Eyman has humbling advice for those who want to fight encroaching government.         

“We like to get opponents to attack us, and not attack the bill on its merits,” he said. He discussed a 2004 effort to shrink the King County Council from 13 members to nine members. He said his group’s brochures discussed the initiative’s merits, while groups that opposed the bill told voters to withhold their support because Eyman was from another county and his involvement wasn’t fair.         

“I don’t care if voters think we’re obnoxious jerks,” Eyman said. “We want them to vote on the initiative.”         

Gunn said Eyman’s persistent work ethic has made his work successful.         

“People try hard to get things pushed through, but Tim just comes in and does it,” Gunn said. She said his persistence was essential in pushing through I-900, which allows the government to audit itself, and “that’s one of the best things that’s happened to Washington in years.”        

Government audits, which the Washington legislature had banned for four decades, are at the heart of this year’s effort to reduce congestion.

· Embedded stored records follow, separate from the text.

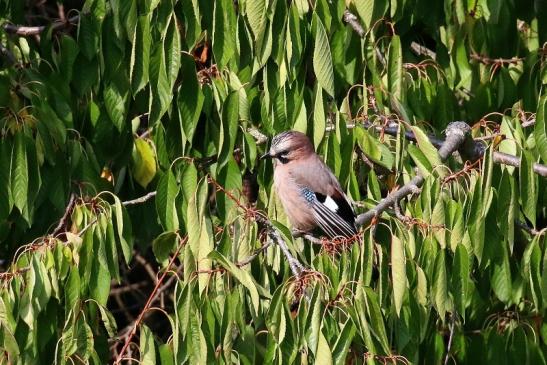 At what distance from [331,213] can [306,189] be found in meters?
0.56

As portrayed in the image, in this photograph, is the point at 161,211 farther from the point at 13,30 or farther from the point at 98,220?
the point at 13,30

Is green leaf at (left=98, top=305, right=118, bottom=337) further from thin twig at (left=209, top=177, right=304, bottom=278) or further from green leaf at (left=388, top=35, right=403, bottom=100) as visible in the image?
green leaf at (left=388, top=35, right=403, bottom=100)

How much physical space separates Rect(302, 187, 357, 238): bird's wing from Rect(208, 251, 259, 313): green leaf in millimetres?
1731

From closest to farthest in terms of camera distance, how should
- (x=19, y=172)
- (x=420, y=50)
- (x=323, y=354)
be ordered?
1. (x=323, y=354)
2. (x=19, y=172)
3. (x=420, y=50)

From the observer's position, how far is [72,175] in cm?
589

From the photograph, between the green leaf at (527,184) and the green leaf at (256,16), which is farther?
the green leaf at (256,16)

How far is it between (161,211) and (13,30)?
75.4 inches

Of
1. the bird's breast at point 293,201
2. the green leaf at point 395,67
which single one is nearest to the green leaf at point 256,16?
the green leaf at point 395,67

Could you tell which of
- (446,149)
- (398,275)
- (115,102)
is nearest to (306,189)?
(446,149)

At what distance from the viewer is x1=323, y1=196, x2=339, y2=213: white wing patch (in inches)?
257

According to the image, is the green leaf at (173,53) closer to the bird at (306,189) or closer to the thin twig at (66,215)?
the thin twig at (66,215)

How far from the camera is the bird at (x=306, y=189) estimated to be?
6.49 meters

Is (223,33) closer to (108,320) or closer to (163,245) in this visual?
(163,245)

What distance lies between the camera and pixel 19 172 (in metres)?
5.38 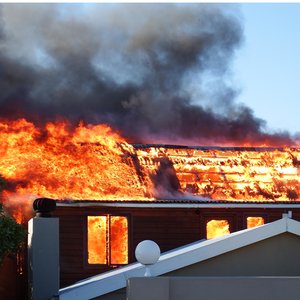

Eyman said state auditor Brian Sonntag had conducted eight audits of the Department of Transportation, and had made 434 recommendations that would have saved citizens $3.2 billion, if adopted. The legislature did nothing. Now Eyman wants the government to quit ignoring the recommendations made by the government.         

“The legislature asks us, ‘Who are you to propose these changes?” said Eyman. “And we can say, ‘it ain’t our idea!”         

Eyman’s plucky attitude and devotion to principle are key to his success.        

“[Abraham] Lincoln lost over and over before he won anything,” Eyman said. “We just keep working. You only lose if you quit.”